Our assets and liabilities in foreign currencies are translated at the period-end rate. Exchange differences arising from this translation are recorded in our consolidated statements of operations. In addition, currency exposures can arise from revenue and purchase transactions denominated in foreign currencies. Generally, transactional currency exposures are naturally hedged (i.e., revenue and expenses are approximately matched), but where appropriate, we use foreign exchange contracts. On April 7, 2025, we entered into a foreign currency contract at a notional value of GBP 39.5 million and CAD $136.5 million maturing on December 31, 2025. On October 21, 2025, we entered into a GBP foreign currency contract at a notional value of USD $46.8 million and a CAD foreign currency contract at a notional value of CAD $260.0 million maturing on December 29, 2026. Approximately $43.9 million, or 2.7%, and $35.0 million, or 2.4%, of revenue for the three months ended March 31, 2026 and 2025, respectively, was attributable to non-U.S. Dollar currencies. Gains or losses due to transactions in foreign currencies included in our consolidated statements of operations was a $0.4 million loss and a $0.3 million loss for the three months ended March 31, 2026 and 2025, respectively. A hypothetical 10% change in the relative value of the U.S. Dollar to other currencies during any of the periods presented would not have had a material effect on our consolidated financial statements.

37


 

ITEM 4. CONTROLS AND PROCEDURES

Limitations on Effectiveness of Disclosure Controls and Procedures

Management recognizes that any controls and procedures, no matter how well designed and operated, can provide only reasonable assurance of achieving their objectives. In addition, the design of disclosure controls and procedures must reflect the fact that there are resource constraints and that management is required to apply judgment in evaluating the benefits of possible controls and procedures relative to their costs.

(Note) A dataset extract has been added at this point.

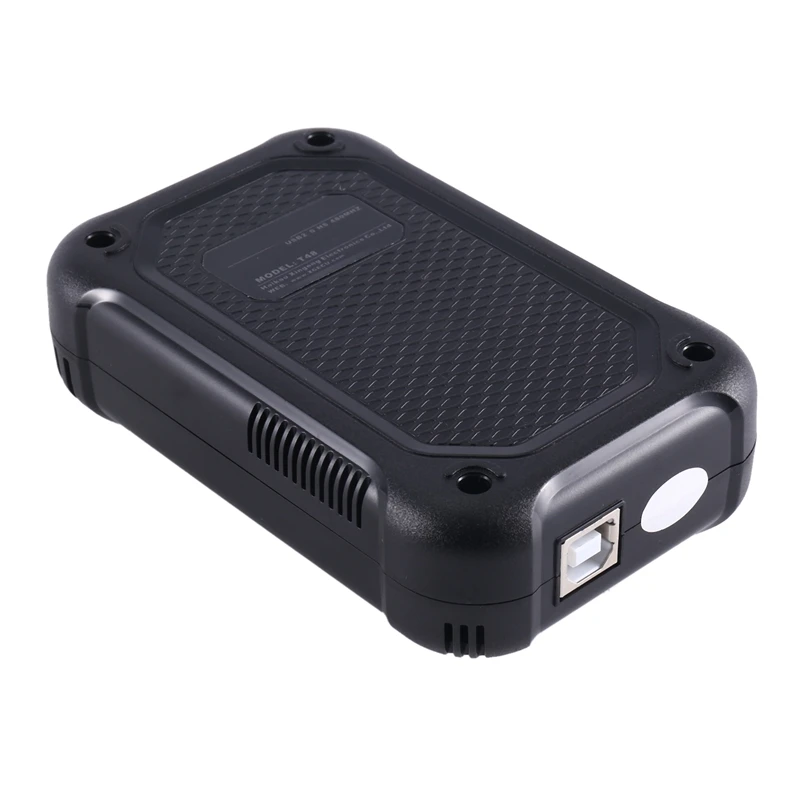 Для Xgecu T48 (TL866-3G) программатор с поддержкой 32000 микросхем для SPI/Nor/NAND Flash BIOS MCU EEPROM AVR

Evaluation of Disclosure Controls and Procedures

Our management, with the participation of our principal executive officer and principal financial officer, evaluated, as of the end of the period covered by this Quarterly Report, the effectiveness of our disclosure controls and procedures (as defined in Rules 13a-15(e) and 15d-15(e) under the Securities Exchange Act of 1934, as amended. Based on that evaluation, our principal executive officer and principal financial officer concluded that, as of March 31, 2026, our disclosure controls and procedures were not effective at the reasonable assurance level as a result of the material weaknesses in our internal control over financial reporting described below.

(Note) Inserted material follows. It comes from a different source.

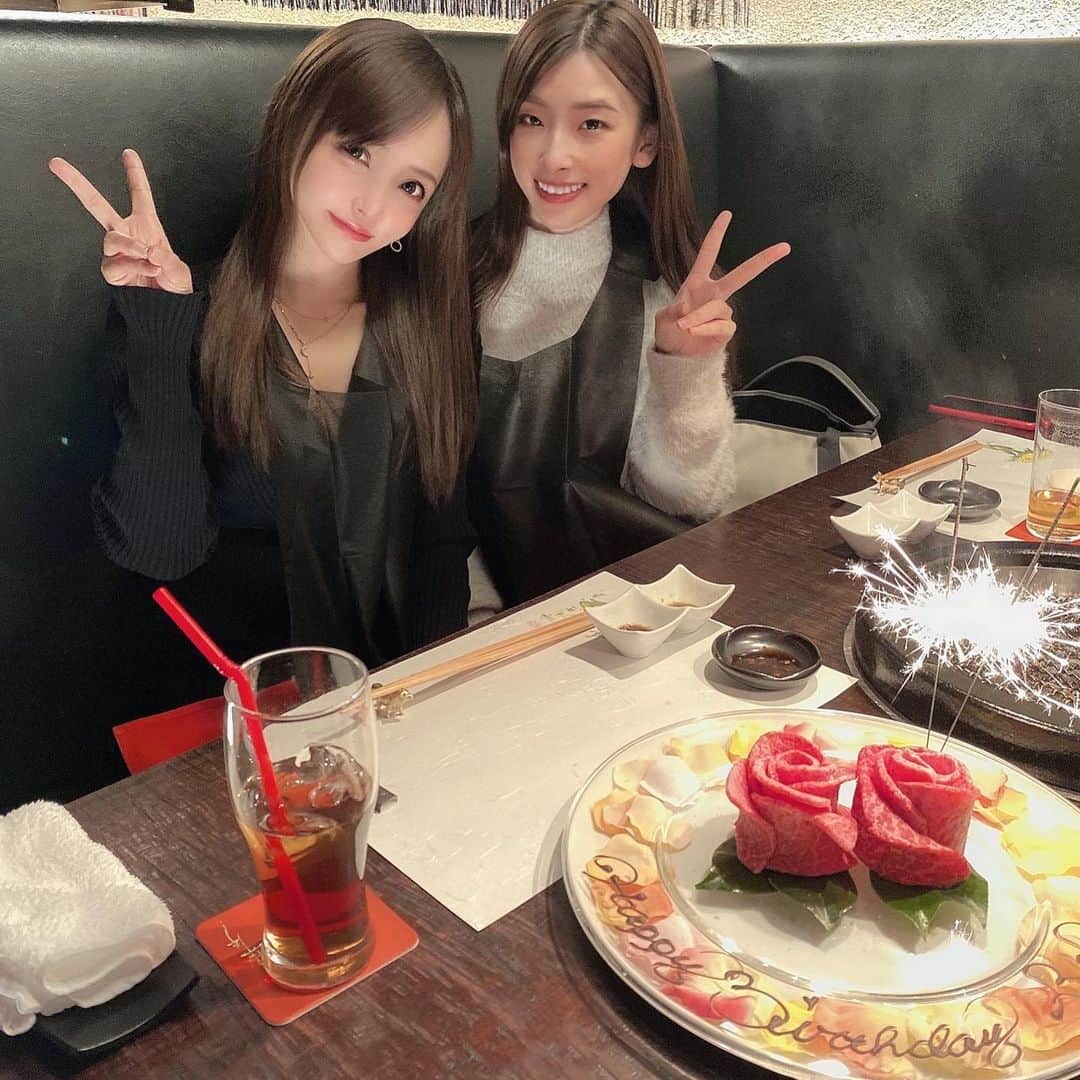 宇佐美あいりのグルメインスタ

Notwithstanding the material weaknesses described below, management has concluded that the consolidated financial statements included in this Quarterly Report present fairly, in all material respects, our financial position, results of operations, and cash flows for the periods presented in conformity with generally accepted accounting principles.

The following material weaknesses exist as of March 31, 2026:

Control environment and monitoring controls

We did not design and maintain an effective control environment commensurate with our financial reporting requirements. Specifically, we lacked a sufficient complement of personnel with an appropriate level of internal controls and accounting knowledge, training and experience to appropriately analyze, record and disclose accounting matters timely and accurately. Additionally, we did not design and maintain effective monitoring controls to verify the proper and consistent functioning of our internal controls.

These material weaknesses contributed to the following additional material weaknesses:

Period-end financial reporting and significant account balances

We did not design and maintain effective controls related to the period-end financial reporting process and significant account balances, including ensuring that there is adequate documented evidence of a sufficient level of management review over complex estimates and judgmental areas of accounting and financial reporting.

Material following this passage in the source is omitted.